Set the expectation that strong interviewers will be able to present to others a reasoned and evidence-based business case ranking candidates for qualifications and fit. Emphasize that any “gut feeling” needs to be backed by demonstration that one candidate’s responses to particular questions were clearly superior to other candidates’ responses.
Many people feel awkward using structured job interviews. Unprepared to deliver a structured sequence of questions in a way that feels natural, they are quick to go off-script. Interviewers often balk at structured job interviews because of a belief that preparation is intensive7 and that they need to develop additional skills2, in order to not appear foolish to candidates.
It’s helpful for interviewers to be concerned with putting candidates at ease.
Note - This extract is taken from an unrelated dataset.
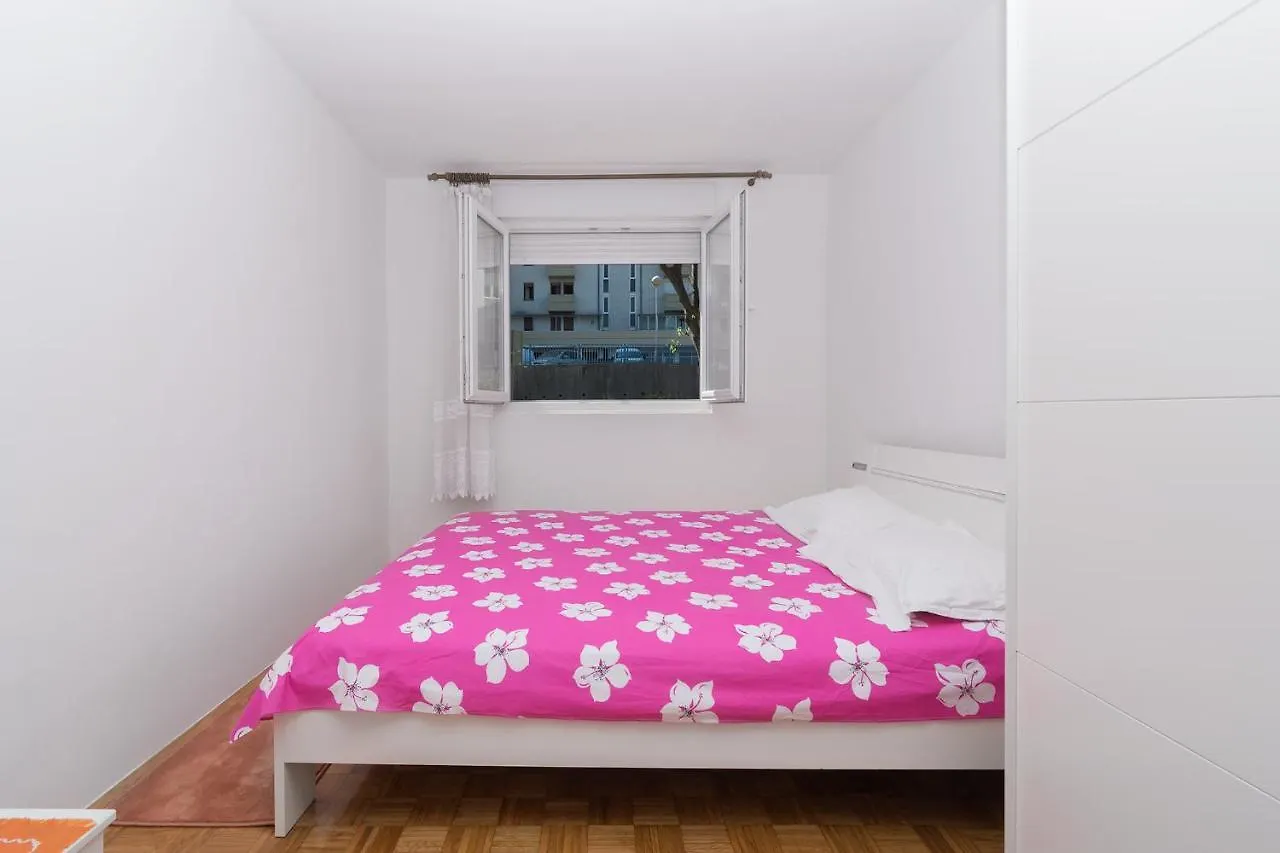 Always Summer Apartment Split 0*,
Many people find job interviews stressful, which gets in the way of putting their best foot forward so that the interviewer has a true sense of their qualifications and ability to contribute to the team and organization.
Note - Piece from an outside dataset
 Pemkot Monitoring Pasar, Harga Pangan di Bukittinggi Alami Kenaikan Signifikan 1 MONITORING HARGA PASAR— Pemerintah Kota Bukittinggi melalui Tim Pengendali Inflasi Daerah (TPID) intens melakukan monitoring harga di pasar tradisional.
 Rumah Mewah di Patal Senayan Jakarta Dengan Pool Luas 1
With practice, interviewers can become comfortable hosting structured job interviews. Interviewing to select people who will work hard to pursue your organization’s mission and uphold your core values is an important business activity. Help interviewers realize that the time commitment has significant and long-lasting implications, and is highly valued.
Scaffold interviewer preparation with resources and experiences that make it possible for interviewers to quickly improve their interviewing skills. Ask interviewers for their biggest concerns or struggles with structured job interviews and target those improvements. Streamline interviewer efforts by providing information on best practices for interview prep. Include opportunities to role-play and share feedback with other interviewers.
It can also be meaningful to gather candidate feedback about the interview experience. When candidates report a positive experience with structured job interviews, interviewer confidence and commitment to structured interviews grows. When several candidates point out a challenge or discomfort with the interview experience, work with interviewers to improve the interview structure or interviewing skills.
Interviews matter. The leap into structured job interviews can be challenging, but it’s worth it. Pull together a team to convert resistance to enthusiasm in your organization. Counteract bias, add valuable information to hiring decisions, and choose the best candidate. Your leaders, coworkers, customers, and job candidates will thank you.